Home [Paper] Cascade R-CNN: Delving into High Quality Object Detection
Post
Cancel

[Paper] Cascade R-CNN: Delving into High Quality Object Detection

[Remark] It’s highly recommended to first look at the faster r-cnn paper before studying cascade r-cnn.

Presentation Slides: https://www.slideshare.net/ZGoo/cascade-rcnn-delving-into-high-quality-object-detectionpptx

Introduction

In object detection, there’s a tricky challenge: A detector trained with low IoU threshold (ex. 0.5) usually produces noisy detections and a detector trained with high IoU threshold (ex. 0.7) shows degraded performance.

The paper suggests that there’re two factors for the performance degradation trained with a high IoU threshold,

  1. Overfitting happens during training since the number of positive examples exponentially vanishes if trained with a high IoU threshold (more picky towards the bbox quality)
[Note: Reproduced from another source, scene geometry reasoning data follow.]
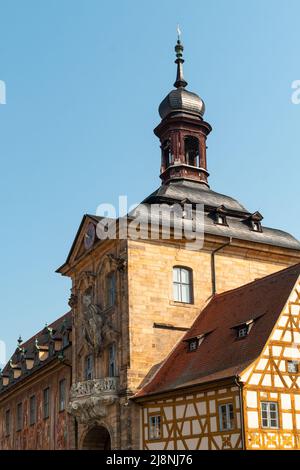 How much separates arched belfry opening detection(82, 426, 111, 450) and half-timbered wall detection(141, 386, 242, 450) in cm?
472

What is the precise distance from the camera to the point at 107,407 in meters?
34.6

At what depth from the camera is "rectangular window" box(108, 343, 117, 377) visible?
35656mm

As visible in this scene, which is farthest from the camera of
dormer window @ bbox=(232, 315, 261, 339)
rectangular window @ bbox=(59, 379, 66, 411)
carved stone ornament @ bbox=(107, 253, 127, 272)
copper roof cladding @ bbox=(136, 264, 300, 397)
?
rectangular window @ bbox=(59, 379, 66, 411)

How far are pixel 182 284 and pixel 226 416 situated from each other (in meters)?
9.40

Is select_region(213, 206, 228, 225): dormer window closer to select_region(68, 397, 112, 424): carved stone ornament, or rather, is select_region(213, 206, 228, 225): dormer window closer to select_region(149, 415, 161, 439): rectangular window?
select_region(68, 397, 112, 424): carved stone ornament

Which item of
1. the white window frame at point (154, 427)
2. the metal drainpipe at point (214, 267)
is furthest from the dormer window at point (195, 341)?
the metal drainpipe at point (214, 267)

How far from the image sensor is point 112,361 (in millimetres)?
36000

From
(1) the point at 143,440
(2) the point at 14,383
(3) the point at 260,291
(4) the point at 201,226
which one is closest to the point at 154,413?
(1) the point at 143,440

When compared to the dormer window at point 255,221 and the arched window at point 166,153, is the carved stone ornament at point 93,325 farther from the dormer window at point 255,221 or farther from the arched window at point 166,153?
the arched window at point 166,153

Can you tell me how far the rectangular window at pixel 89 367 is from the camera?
37.7m

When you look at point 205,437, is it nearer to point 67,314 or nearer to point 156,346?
point 156,346

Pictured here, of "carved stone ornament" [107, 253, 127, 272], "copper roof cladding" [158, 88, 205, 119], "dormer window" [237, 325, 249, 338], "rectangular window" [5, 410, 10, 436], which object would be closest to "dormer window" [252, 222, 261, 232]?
"carved stone ornament" [107, 253, 127, 272] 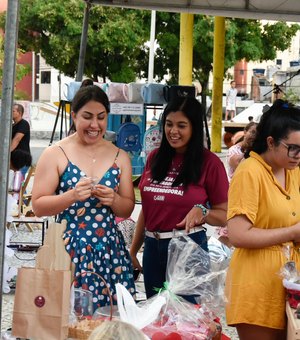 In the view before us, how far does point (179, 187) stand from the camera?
4.17 metres

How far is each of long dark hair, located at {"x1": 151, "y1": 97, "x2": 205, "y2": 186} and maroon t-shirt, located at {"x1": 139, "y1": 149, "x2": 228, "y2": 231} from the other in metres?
0.03

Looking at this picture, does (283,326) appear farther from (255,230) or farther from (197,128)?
(197,128)

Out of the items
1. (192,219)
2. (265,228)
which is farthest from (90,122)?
(265,228)

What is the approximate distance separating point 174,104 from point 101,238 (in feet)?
2.57

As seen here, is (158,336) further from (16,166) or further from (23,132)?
(23,132)

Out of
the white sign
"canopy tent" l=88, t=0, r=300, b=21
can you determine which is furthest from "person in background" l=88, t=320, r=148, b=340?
the white sign

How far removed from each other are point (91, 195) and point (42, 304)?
0.83 m

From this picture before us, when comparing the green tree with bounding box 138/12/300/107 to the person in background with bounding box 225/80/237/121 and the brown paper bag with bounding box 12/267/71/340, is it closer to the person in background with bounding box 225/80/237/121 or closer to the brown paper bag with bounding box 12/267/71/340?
the person in background with bounding box 225/80/237/121

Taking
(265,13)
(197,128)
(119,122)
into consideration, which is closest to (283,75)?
(119,122)

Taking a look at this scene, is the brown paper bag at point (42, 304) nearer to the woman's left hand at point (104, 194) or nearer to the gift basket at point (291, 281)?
the woman's left hand at point (104, 194)

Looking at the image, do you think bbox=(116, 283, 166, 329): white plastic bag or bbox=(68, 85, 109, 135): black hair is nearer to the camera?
bbox=(116, 283, 166, 329): white plastic bag

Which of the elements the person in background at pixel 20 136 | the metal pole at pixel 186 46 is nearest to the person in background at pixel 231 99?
the metal pole at pixel 186 46

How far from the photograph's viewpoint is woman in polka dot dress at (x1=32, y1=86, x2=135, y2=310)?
13.1ft

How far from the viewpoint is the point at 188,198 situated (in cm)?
415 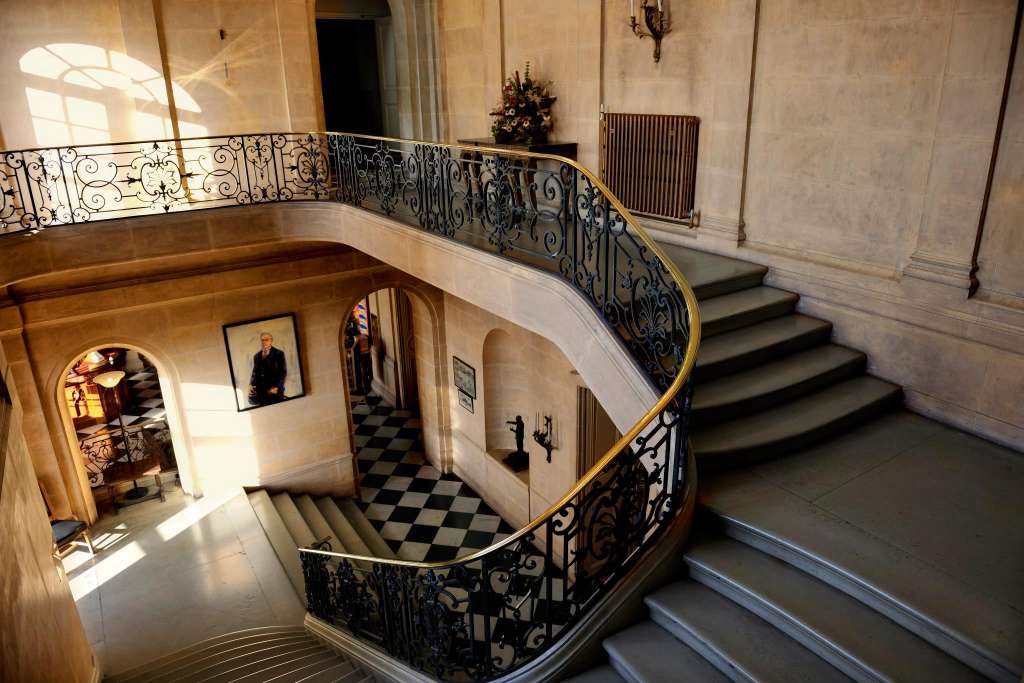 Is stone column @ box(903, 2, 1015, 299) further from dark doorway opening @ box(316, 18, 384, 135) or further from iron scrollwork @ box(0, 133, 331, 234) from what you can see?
dark doorway opening @ box(316, 18, 384, 135)

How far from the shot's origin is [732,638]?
3.37m

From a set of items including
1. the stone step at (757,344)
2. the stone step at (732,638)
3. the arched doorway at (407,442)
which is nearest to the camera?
the stone step at (732,638)

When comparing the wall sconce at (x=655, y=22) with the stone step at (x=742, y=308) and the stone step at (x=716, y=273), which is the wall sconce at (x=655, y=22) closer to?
the stone step at (x=716, y=273)

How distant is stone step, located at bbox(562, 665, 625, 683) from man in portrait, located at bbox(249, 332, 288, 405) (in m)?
7.57

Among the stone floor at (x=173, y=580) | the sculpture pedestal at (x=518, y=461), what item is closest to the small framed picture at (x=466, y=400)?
the sculpture pedestal at (x=518, y=461)

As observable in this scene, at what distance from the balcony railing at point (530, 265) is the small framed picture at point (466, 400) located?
7.57ft

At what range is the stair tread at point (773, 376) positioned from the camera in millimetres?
4684

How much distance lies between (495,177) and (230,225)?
422 centimetres

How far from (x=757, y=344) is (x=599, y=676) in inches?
105

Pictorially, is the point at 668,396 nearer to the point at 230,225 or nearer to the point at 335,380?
the point at 230,225

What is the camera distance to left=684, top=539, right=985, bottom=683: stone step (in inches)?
119

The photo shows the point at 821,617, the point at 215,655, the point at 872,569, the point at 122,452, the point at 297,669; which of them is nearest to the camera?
the point at 821,617

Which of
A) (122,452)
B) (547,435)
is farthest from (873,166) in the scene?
(122,452)

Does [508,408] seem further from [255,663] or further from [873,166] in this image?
[873,166] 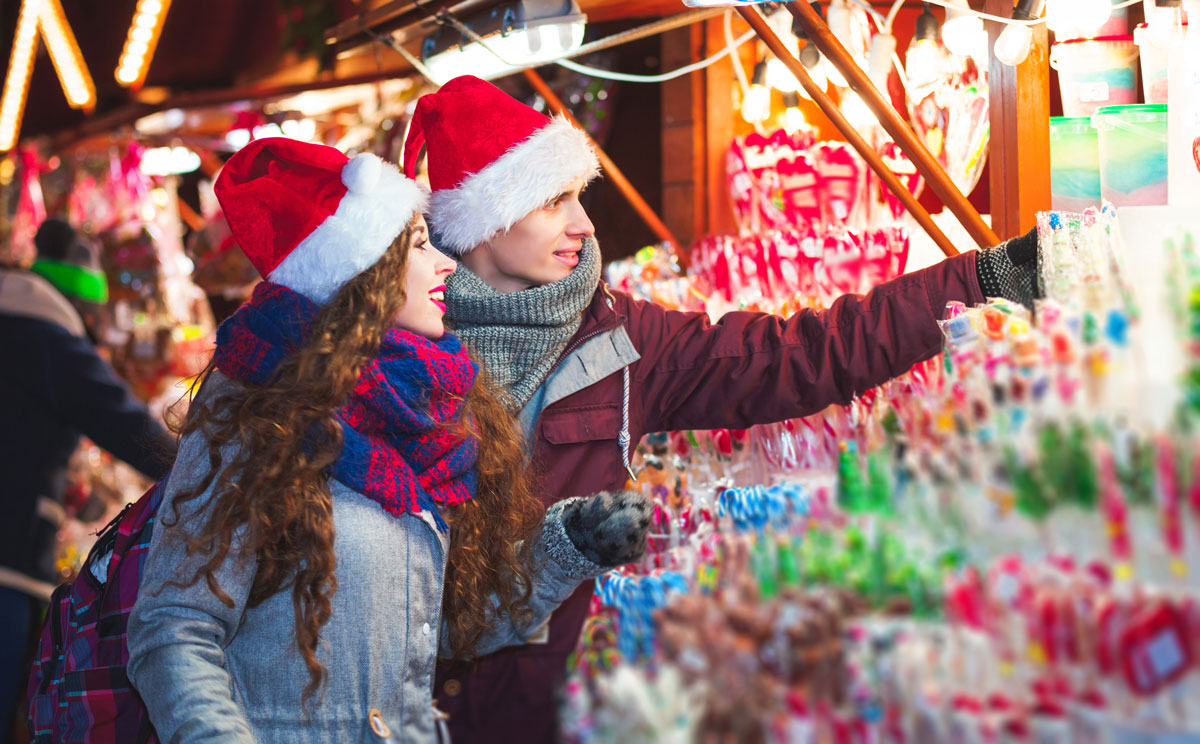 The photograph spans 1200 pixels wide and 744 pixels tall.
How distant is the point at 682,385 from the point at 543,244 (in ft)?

  2. Mismatch between the IoUs for which the detector is optimal and those of the input hypotheses during inference. In other words, suppose a detector is trained for IoU of 0.7. But for a object detection competition where the criteria is mAP 0.5, then there’s a mismatch between the IoU threshold.
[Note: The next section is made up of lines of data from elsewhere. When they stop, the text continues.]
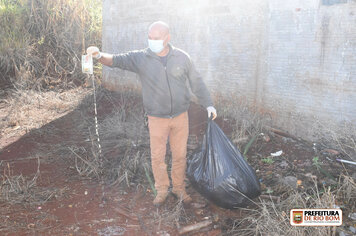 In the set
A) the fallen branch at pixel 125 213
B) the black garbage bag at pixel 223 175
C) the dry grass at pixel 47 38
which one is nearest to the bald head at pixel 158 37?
the black garbage bag at pixel 223 175

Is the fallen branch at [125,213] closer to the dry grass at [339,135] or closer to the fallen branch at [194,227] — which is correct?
the fallen branch at [194,227]

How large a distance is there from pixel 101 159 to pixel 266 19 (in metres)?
2.92

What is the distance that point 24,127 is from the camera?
19.5ft

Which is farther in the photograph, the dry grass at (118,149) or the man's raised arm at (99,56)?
the dry grass at (118,149)

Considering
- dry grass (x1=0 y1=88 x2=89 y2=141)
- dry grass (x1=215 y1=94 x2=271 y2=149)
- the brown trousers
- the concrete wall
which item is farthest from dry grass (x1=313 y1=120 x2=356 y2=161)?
dry grass (x1=0 y1=88 x2=89 y2=141)

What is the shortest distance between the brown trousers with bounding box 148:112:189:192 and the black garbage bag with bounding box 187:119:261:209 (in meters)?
0.24

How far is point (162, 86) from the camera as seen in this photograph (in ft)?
10.6

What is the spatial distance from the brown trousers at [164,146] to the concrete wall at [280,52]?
1.99 metres

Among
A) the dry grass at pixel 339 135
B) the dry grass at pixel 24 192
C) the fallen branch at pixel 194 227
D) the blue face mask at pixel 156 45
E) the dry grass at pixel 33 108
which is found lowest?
the fallen branch at pixel 194 227

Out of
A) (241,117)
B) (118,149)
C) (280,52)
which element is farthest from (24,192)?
(280,52)

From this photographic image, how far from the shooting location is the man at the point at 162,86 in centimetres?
321

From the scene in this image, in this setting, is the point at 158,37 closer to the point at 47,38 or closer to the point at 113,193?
the point at 113,193

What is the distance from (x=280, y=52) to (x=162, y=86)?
7.43 feet

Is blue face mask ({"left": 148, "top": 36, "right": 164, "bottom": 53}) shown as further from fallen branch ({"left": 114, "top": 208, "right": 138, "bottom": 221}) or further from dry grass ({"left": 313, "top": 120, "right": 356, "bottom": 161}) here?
dry grass ({"left": 313, "top": 120, "right": 356, "bottom": 161})
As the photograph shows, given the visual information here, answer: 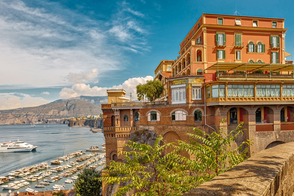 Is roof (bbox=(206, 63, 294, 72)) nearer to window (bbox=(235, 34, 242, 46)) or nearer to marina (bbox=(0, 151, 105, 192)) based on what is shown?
window (bbox=(235, 34, 242, 46))

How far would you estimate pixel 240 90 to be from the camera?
2878 centimetres

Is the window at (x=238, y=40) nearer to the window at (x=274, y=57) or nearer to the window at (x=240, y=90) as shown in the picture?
the window at (x=274, y=57)

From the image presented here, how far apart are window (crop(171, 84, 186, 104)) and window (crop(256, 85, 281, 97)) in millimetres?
8734

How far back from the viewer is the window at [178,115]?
31.2 metres

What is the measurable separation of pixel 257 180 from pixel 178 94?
2494 cm

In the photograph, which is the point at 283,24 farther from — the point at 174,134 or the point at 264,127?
the point at 174,134

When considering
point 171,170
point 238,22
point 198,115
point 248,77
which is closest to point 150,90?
point 198,115

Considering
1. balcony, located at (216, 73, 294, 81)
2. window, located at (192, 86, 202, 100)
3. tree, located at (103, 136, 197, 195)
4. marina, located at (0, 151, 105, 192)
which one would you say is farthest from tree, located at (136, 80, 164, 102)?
tree, located at (103, 136, 197, 195)

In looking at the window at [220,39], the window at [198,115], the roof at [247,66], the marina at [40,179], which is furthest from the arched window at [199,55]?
the marina at [40,179]

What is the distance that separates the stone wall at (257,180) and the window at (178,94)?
21.1 meters

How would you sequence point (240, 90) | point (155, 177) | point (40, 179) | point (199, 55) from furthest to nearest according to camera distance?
point (40, 179), point (199, 55), point (240, 90), point (155, 177)

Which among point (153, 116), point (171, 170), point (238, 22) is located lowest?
point (171, 170)

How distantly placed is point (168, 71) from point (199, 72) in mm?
18691

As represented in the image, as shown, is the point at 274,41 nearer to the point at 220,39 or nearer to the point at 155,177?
the point at 220,39
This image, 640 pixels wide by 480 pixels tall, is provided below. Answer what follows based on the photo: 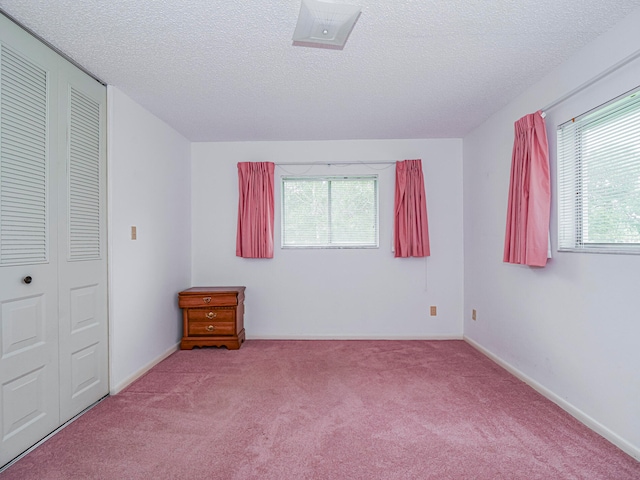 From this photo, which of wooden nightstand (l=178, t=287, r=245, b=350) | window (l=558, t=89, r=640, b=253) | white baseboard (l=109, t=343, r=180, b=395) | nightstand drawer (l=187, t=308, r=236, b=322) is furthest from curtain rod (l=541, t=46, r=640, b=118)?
white baseboard (l=109, t=343, r=180, b=395)

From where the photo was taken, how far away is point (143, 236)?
309cm

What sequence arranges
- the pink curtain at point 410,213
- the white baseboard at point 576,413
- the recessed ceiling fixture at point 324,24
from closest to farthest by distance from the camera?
the recessed ceiling fixture at point 324,24
the white baseboard at point 576,413
the pink curtain at point 410,213

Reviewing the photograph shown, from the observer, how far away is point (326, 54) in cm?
221

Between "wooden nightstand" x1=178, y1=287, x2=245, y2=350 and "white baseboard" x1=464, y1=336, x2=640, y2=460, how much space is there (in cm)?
257

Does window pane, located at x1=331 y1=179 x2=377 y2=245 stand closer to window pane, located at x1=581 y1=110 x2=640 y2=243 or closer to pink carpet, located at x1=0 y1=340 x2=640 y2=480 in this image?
pink carpet, located at x1=0 y1=340 x2=640 y2=480

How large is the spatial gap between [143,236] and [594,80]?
342 centimetres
The Cascade R-CNN is proposed to address the above problems. The Cascade R-CNN consists of a sequence of detectors trained with increasing IoU thresholds, to be sequentially more selective against close false positives. The detectors are trained stage by stage, leveraging the observation that the output of a detector is a good distribution for training the next higher quality detector. In other words, suppose a detector is trained with 0.5 IoU threshold, then the output of this will be fed into the next stage detector trained with IoU 0.6 (only 0.1 difference), narrowing the distribution gap between the consecutive stages.
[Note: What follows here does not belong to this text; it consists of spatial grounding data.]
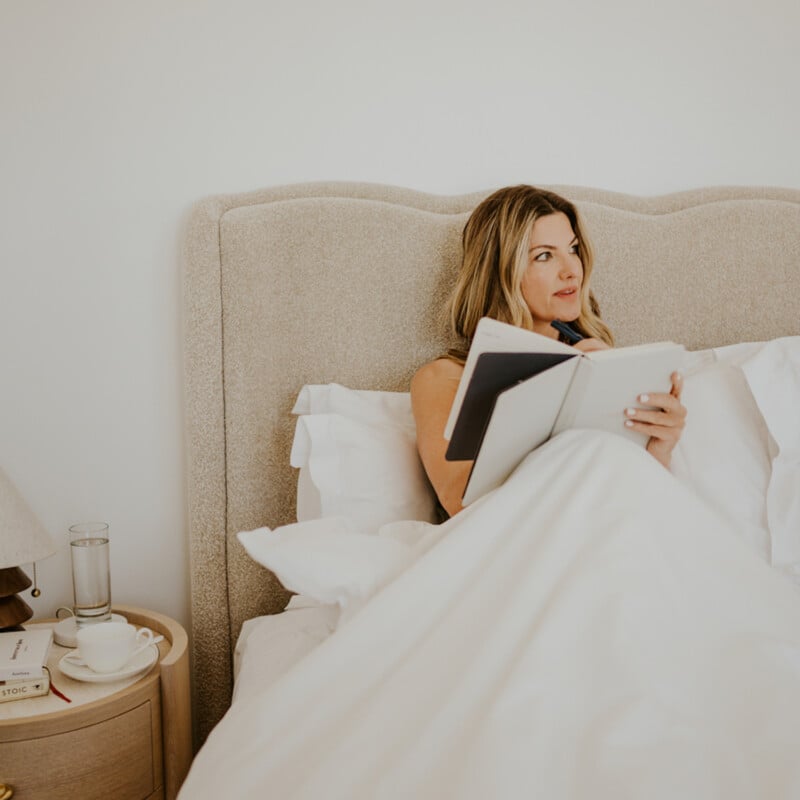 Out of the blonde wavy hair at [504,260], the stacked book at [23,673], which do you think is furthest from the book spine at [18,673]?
the blonde wavy hair at [504,260]

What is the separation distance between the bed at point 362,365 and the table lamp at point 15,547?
29 centimetres

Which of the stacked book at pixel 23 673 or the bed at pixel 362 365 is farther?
the bed at pixel 362 365

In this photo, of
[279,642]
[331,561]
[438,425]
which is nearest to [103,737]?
[279,642]

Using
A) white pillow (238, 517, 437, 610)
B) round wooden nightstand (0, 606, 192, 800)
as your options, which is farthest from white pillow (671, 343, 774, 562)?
round wooden nightstand (0, 606, 192, 800)

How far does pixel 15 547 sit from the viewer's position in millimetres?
1283

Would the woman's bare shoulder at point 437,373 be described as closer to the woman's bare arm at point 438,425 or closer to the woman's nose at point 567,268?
the woman's bare arm at point 438,425

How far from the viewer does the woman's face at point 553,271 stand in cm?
158

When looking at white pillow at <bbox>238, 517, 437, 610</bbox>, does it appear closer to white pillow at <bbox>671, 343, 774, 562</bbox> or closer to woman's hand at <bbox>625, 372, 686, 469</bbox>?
woman's hand at <bbox>625, 372, 686, 469</bbox>

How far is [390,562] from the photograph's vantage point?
1047 mm

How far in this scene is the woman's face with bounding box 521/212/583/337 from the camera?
1583 mm

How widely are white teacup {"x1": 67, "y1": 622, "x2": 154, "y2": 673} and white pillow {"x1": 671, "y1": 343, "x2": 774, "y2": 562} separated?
0.97 metres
The same procedure is applied at inference as well, enabling a closer match between the hypotheses and the detector quality of each stage.

Background & Cascade R-CNN Motivation

Object detection is a complex problem, mainly dealing with recognition and localization problem. Both tasks are particularly difficult because the detector faces close but not correct bounding boxes (false positives). Therefore, the detector must find the true positives while suppressing the close false positives.

As stated earlier, a detector trained with a low IoU thershold (typically 0.5) establishes a loose requirement for positives, producing rich and diversified but noisy bounding boxes. But a high IoU threshold brings about overfitting problem. How can we deal with this trade-off?

Before diving in, let’s look at some important terms.

  1. The quality of an hypothesis is defined as its IoU with the ground truth.

  2. The quality of a detector is defined as the IoU threshold \(u\) used to train it.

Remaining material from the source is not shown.